Exercise aim -
The whole of the data is to be reproduced exactly.

Short descriptive text snippets -
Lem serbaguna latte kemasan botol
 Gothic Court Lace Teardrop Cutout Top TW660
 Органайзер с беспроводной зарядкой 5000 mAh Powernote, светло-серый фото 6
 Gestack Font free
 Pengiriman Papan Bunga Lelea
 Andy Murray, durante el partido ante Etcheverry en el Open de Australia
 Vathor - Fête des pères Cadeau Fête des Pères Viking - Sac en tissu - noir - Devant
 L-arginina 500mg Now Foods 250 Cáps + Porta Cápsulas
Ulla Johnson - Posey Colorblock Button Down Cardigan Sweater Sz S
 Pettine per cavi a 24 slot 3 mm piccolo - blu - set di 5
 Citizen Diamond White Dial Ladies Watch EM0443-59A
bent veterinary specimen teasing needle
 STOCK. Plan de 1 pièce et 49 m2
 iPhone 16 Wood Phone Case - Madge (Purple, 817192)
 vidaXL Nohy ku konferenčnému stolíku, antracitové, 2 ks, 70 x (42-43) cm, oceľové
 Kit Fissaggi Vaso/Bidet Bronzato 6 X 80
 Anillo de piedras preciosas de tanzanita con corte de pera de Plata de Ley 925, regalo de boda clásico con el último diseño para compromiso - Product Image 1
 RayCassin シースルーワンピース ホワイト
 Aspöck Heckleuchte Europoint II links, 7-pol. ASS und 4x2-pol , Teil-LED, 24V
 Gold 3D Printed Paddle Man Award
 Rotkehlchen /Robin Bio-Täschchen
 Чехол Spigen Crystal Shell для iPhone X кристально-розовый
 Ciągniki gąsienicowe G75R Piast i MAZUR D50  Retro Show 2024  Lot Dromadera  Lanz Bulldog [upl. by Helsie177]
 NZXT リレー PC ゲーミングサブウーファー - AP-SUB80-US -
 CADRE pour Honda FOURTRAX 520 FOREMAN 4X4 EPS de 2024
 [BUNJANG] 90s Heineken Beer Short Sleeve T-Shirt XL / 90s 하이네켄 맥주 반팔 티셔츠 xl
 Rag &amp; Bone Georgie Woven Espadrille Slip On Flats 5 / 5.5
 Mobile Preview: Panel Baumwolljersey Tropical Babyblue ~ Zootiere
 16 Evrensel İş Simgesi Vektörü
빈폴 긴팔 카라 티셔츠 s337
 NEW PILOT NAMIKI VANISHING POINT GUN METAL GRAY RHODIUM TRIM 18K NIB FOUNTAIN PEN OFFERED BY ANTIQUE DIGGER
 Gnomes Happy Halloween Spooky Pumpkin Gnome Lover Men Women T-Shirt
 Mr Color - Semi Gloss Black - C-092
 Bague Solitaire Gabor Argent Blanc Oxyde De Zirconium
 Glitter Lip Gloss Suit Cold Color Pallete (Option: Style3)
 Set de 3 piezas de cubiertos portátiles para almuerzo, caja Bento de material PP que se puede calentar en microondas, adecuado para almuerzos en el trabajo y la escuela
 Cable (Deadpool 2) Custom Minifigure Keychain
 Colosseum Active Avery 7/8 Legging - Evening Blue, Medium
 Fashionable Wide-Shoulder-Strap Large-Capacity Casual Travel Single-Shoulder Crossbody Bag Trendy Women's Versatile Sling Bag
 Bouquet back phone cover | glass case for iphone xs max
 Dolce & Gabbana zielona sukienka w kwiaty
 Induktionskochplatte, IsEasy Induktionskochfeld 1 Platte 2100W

Answer -
Lem serbaguna latte kemasan botol
 Gothic Court Lace Teardrop Cutout Top TW660
 Органайзер с беспроводной зарядкой 5000 mAh Powernote, светло-серый фото 6
 Gestack Font free
 Pengiriman Papan Bunga Lelea
 Andy Murray, durante el partido ante Etcheverry en el Open de Australia
 Vathor - Fête des pères Cadeau Fête des Pères Viking - Sac en tissu - noir - Devant
 L-arginina 500mg Now Foods 250 Cáps + Porta Cápsulas
Ulla Johnson - Posey Colorblock Button Down Cardigan Sweater Sz S
 Pettine per cavi a 24 slot 3 mm piccolo - blu - set di 5
 Citizen Diamond White Dial Ladies Watch EM0443-59A
bent veterinary specimen teasing needle
 STOCK. Plan de 1 pièce et 49 m2
 iPhone 16 Wood Phone Case - Madge (Purple, 817192)
 vidaXL Nohy ku konferenčnému stolíku, antracitové, 2 ks, 70 x (42-43) cm, oceľové
 Kit Fissaggi Vaso/Bidet Bronzato 6 X 80
 Anillo de piedras preciosas de tanzanita con corte de pera de Plata de Ley 925, regalo de boda clásico con el último diseño para compromiso - Product Image 1
 RayCassin シースルーワンピース ホワイト
 Aspöck Heckleuchte Europoint II links, 7-pol. ASS und 4x2-pol , Teil-LED, 24V
 Gold 3D Printed Paddle Man Award
 Rotkehlchen /Robin Bio-Täschchen
 Чехол Spigen Crystal Shell для iPhone X кристально-розовый
 Ciągniki gąsienicowe G75R Piast i MAZUR D50  Retro Show 2024  Lot Dromadera  Lanz Bulldog [upl. by Helsie177]
 NZXT リレー PC ゲーミングサブウーファー - AP-SUB80-US -
 CADRE pour Honda FOURTRAX 520 FOREMAN 4X4 EPS de 2024
 [BUNJANG] 90s Heineken Beer Short Sleeve T-Shirt XL / 90s 하이네켄 맥주 반팔 티셔츠 xl
 Rag &amp; Bone Georgie Woven Espadrille Slip On Flats 5 / 5.5
 Mobile Preview: Panel Baumwolljersey Tropical Babyblue ~ Zootiere
 16 Evrensel İş Simgesi Vektörü
빈폴 긴팔 카라 티셔츠 s337
 NEW PILOT NAMIKI VANISHING POINT GUN METAL GRAY RHODIUM TRIM 18K NIB FOUNTAIN PEN OFFERED BY ANTIQUE DIGGER
 Gnomes Happy Halloween Spooky Pumpkin Gnome Lover Men Women T-Shirt
 Mr Color - Semi Gloss Black - C-092
 Bague Solitaire Gabor Argent Blanc Oxyde De Zirconium
 Glitter Lip Gloss Suit Cold Color Pallete (Option: Style3)
 Set de 3 piezas de cubiertos portátiles para almuerzo, caja Bento de material PP que se puede calentar en microondas, adecuado para almuerzos en el trabajo y la escuela
 Cable (Deadpool 2) Custom Minifigure Keychain
 Colosseum Active Avery 7/8 Legging - Evening Blue, Medium
 Fashionable Wide-Shoulder-Strap Large-Capacity Casual Travel Single-Shoulder Crossbody Bag Trendy Women's Versatile Sling Bag
 Bouquet back phone cover | glass case for iphone xs max
 Dolce & Gabbana zielona sukienka w kwiaty
 Induktionskochplatte, IsEasy Induktionskochfeld 1 Platte 2100W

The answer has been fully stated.